Comment 93 for bug 1505564

Revision history for this message
Rafael David Tinoco (rafaeldtinoco) wrote : Re: [Bug 1505564] Re: Soft lockup with "block nbdX: Attempted send on closed socket" spam

Hello Junien,
(recommendations with *)
I'm replying to you and to the LP bug so it gets proper documentation.
Under comment #91:
https://bugs.launchpad.net/ubuntu/+source/linux/+bug/1505564/comments/91
You can see my kernel dump analysis, where I am showing you that the
OS is stuck in a "migration thread", possibly because of a lack of
IPIs synchronisation (maybe even an IPI being lost). We have already
seen cases like this - specially in nested virtualisation environments
- and this has been discussed in LKML.
Before we move further I need you to follow some kind of "best
practices" for Proliant Servers:
1 - NMIs caused during MWAIT instruction (caused by intel_idle module):
& HP Proliant Servers - Kernel Panic - NMI - DL360 & DL380 - HPWDT module loaded
(https://bugs.launchpad.net/ubuntu/+source/linux/+bug/1417580)

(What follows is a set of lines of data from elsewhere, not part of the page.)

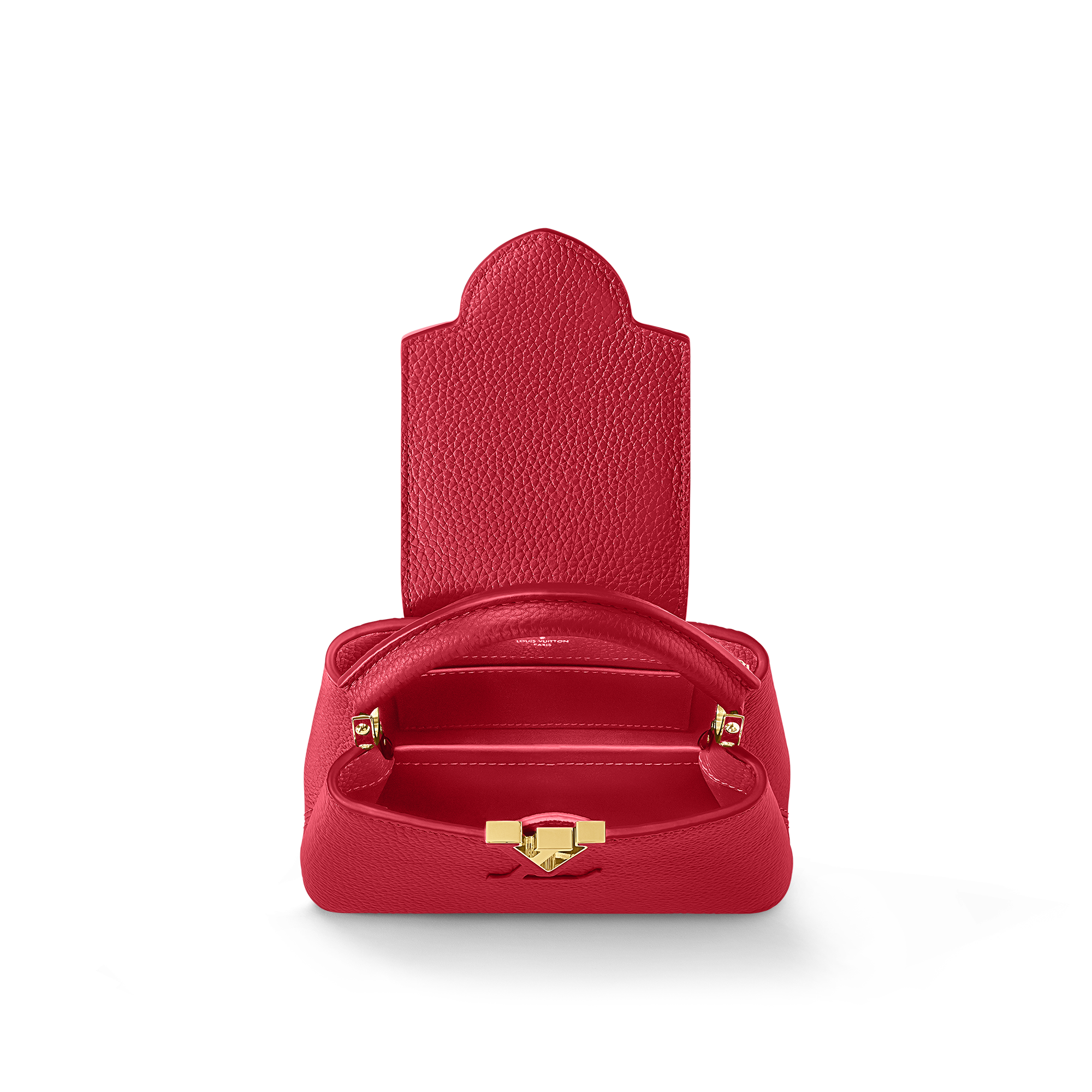 Capucines Bolsas Todas as Coleções Bolsa Capucines Mini | Louis Vuitton ® (Zoom no Produto)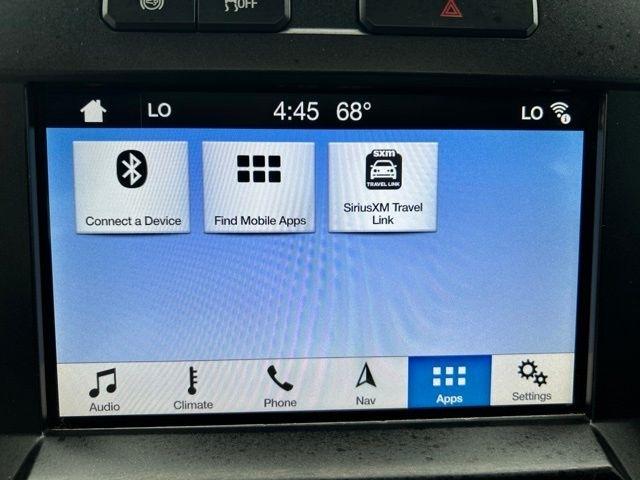 Ford F-250 SD King Ranch Crew Cab 4WD 2019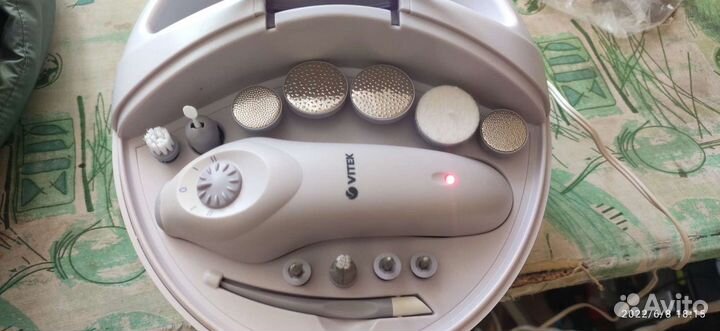 Маникюрный набор для ногтей бу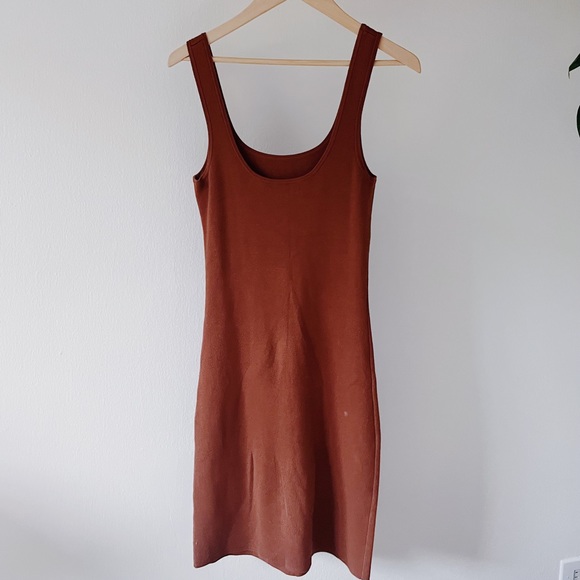 Abercrombie Knit Bodycon Dress - Picture 2 of 5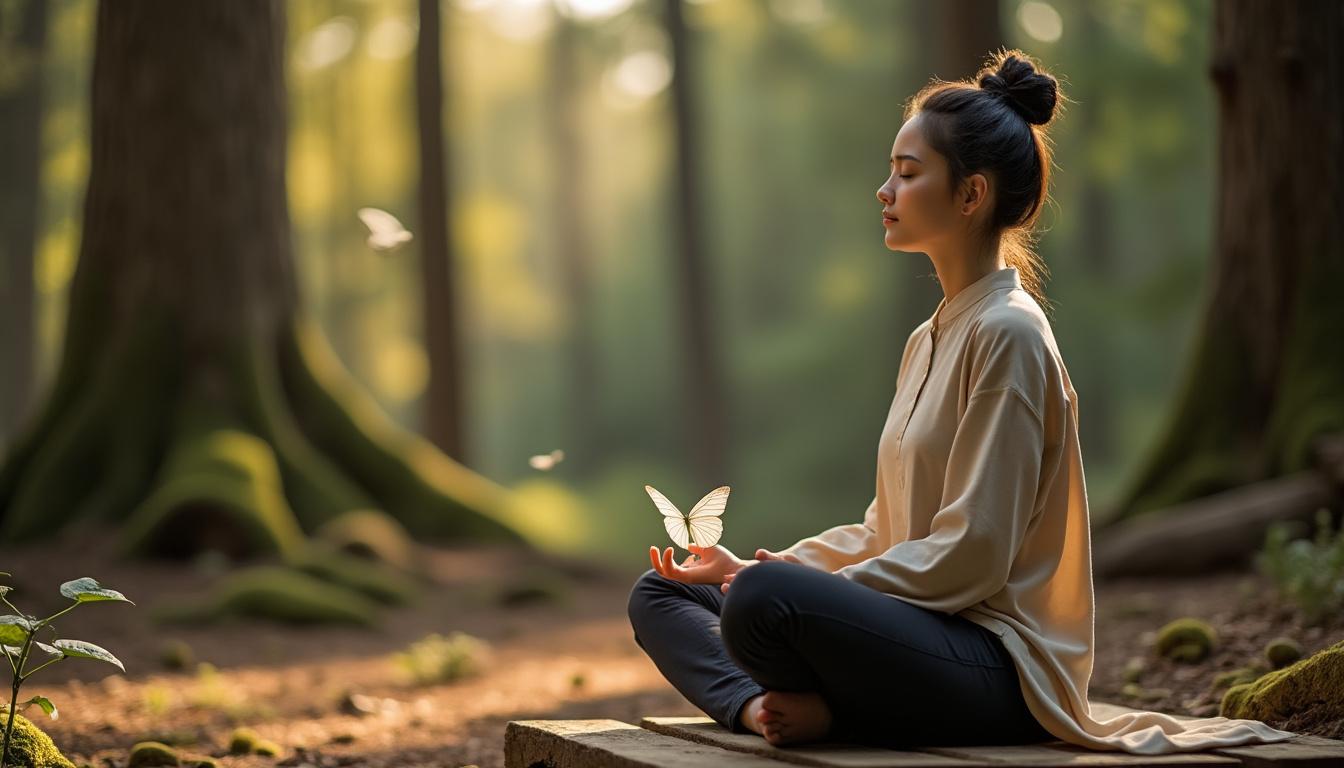 découvrez la signification du papillon blanc en amour et comprenez ce que sa présence peut révéler sur vos sentiments et votre vie amoureuse. interprétations, symbolique et messages cachés du papillon blanc.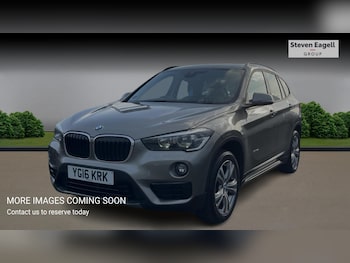 Used BMW X1 2016 for sale - 75991454: Photo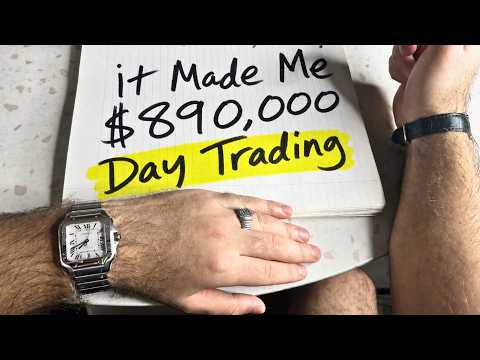 The Day Trading Industry Will Hate Me For This Beginner Guide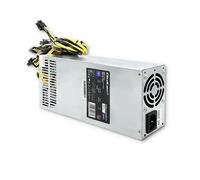 Qoltec Power supply PCI-E Smart 1600W 80 Plus Gold - 5901878501772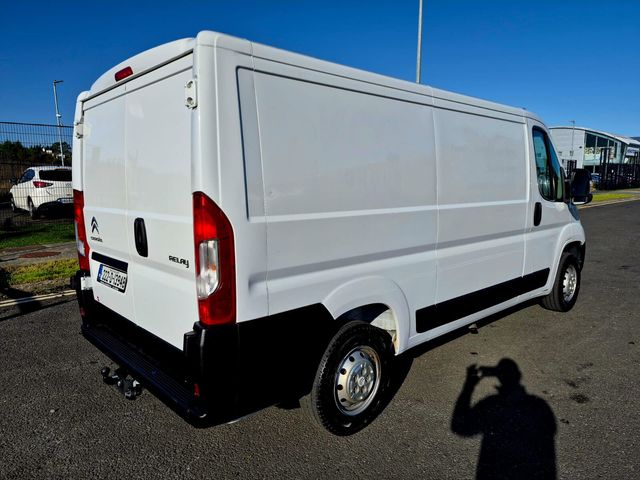 Image for 2022 Citroen Relay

(https://bugs.launchpad.net/ubuntu/+source/linux/+bug/1432837)
* Firmware: Configure a maximum of a C3 c-state for CPU savings (CPU C-STATES)
* Firmware: Disable packed CPU c-state
* Firmware: Disable Cooperative Power Management
* Make sure NOT TO LOAD HPWDT kernel module (LP: #1432837 Fix Released
3.13.0-49.81)
2 - Recently discovered NMIs caused by a BUG in Intel microcode
(https://bugs.launchpad.net/ubuntu/+source/linux/+bug/1416414)
** If you have Intel based Proliant Servers, because of Intel
microcode issue, use at least* 3.13.0-35.61.
3 - X2APIC support for HP Proliant Servers
(https://bugs.launchpad.net/ubuntu/+source/linux/+bug/1398497)
* For Proliant prior to G8 (<= G7) use "nox2apic intremap=off" into grub cmdline
* For Proliant G8 use "intremap=no_x2apic_optout" into grub cmdline
4 - HP Proliant Latest Firmware
MOST IMPORTANT
Upgrade server firmware to latest version
There were numerous firmware fixes from HP.
---> If we are facing a firmware problem - related to IPIs, the
inter-processor-interrupts, being missed - we have to make sure this
is reproducible in the latest firmware in order to work together with
HP ROM engineering team.
Summary:
Could you follow all these steps and provide feedback ? I understand
this might take awhile if you have a big number of servers and - if so
- I would take a statistical approach here, by changing only half of
the servers and sticking with the first half as the "control group",
for future comparisons.
Is this feasible ? Looking forward to hearing your feedback.
Best Regards
Rafael Tinoco
Sustaining Engineering